- Blue Label from 5,550 Hungarian forint, 92 Romanian leu, £21, 284.90 Norwegian kroner, €29.90, CA$48.75, $41.95, HK$55, 2,394 New Taiwan dollars, 256 Brazilian real
- Gold label from 9,000 Hungarian forint, £37.81, €49.90, $69.99, 2,700 New Taiwan dollars, 504.72 Brazilian real
- Single vineyards from 18,290 Hungarian forint
It seems that some people just won't listen to reason – attendees at the recent Flat Earth International Conference being a prime example. Yet we wine lovers, normally such reasonable and reasoned people, can be equally guilty of ignoring the evidence that's right in front of us. We've all heard that great sweet wines belong among the pantheon of the most divine bottles, yet how often do we buy them and drink them? (See also Please try more sweet wines for Jancis's plea from 2016.)
Let this be the moment, then, because the 2013 Aszú vintages (see below for an explanation of Aszú) from Royal Tokaji are indeed God-like in their greatness.
This September, I tasted five of their top cuvées as part of a retrospective tasting going back to their first vintage in 1990 (write-up coming soon) which gave a forcible reminder of how essential these wines are. Essential because they are downright delicious, first and foremost – but essential also because they are documents of a most particular winemaking practice and heritage, and furthermore because they represent a region (and its native varieties) which need our support.
The region is Tokaj, of course – and you can read more about its grapes, winemaking and history in the Oxford Companion entry and any of these articles. Otherwise, all we need remember is that Aszú indicates the traditional practice of adding hand-selected shrivelled and nobly rotten berries to the fermentation; that puttonyos is a numerical indication of sweetness, where six is sweeter than five; and that the earth is round, dammit.
But what I really want to talk about is the wines themselves.
We tasted five 2013s: two blends and three from single vineyards, and I recommend them all unreservedly. Choosing which to buy is less a matter of outright quality than it is budget and style preference.
The two blends are known as blue and gold label, as illustrated below. The former is classified as five puttonyos, with 162 grams per litre of sugar, while the latter is six puttonyos and 188 g/l. That difference in sweetness is barely perceptible on the palate, nor are there significant differences between the complexity and intensity of each. Flavours range from apple to peach to pear, with the caramel and honey richness of great dessert wines, as well as floral and spice aromas – they pretty much deliver the whole flavour wheel of complexity.
The main difference between them is that the gold label has more weight and persistence on the palate – which doubtless accounts for its lower production volumes (and therefore higher price). It may well have greater potential longevity in bottle, but there is no need to wait before opening either of these 2013s – the elixir of their youth is exactly what makes them so compelling to drink now.

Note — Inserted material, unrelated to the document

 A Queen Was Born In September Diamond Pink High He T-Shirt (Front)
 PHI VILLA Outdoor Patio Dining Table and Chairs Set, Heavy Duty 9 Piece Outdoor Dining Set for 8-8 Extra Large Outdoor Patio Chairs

The three single-vineyard wines all come from first growths around the village of Mád, from an original classification which dates back to the 1700s. All south facing, Betsek has dark clay soils, Nyulászó has browner clay, while Szt Tamás has red clay rich in volcanic minerals. They are all six puttonyos, and range between 172 and 182 grams of sugar per litre.
But such functional description does them no justice! To taste these wines is to experience a level of intensity and aromatic profundity which is simply thrilling. The Betsek was the least fantastic of the three, for me, but even so I scored it 18 out of 20. And if you need any more convincing, here is Royal Tokaji's own assesment of the vintage:
'It is obvious that 2013 is among top vintages for Royal Tokaji regarding the quality of both dry and sweet wines, especially Aszú, as already predicted by the grapes' large berry size and their thin skin by the middle of July. It had been several years since such a top vintage for botrytis and Aszú, but it was well worth the wait – only time will tell if 2013 proves to be one of the all-time greats, but it is certainly exceptional and has produced brilliant Royal Tokaji Aszú wines.'
Amen to that. I heartily recommend them as an ideal accompaniment to any festive feast, or indeed as a great gift for any wine lover, but as sure as the earth is round, these remarkable Tokaji Aszú 2013s truly should be wines for all seasons.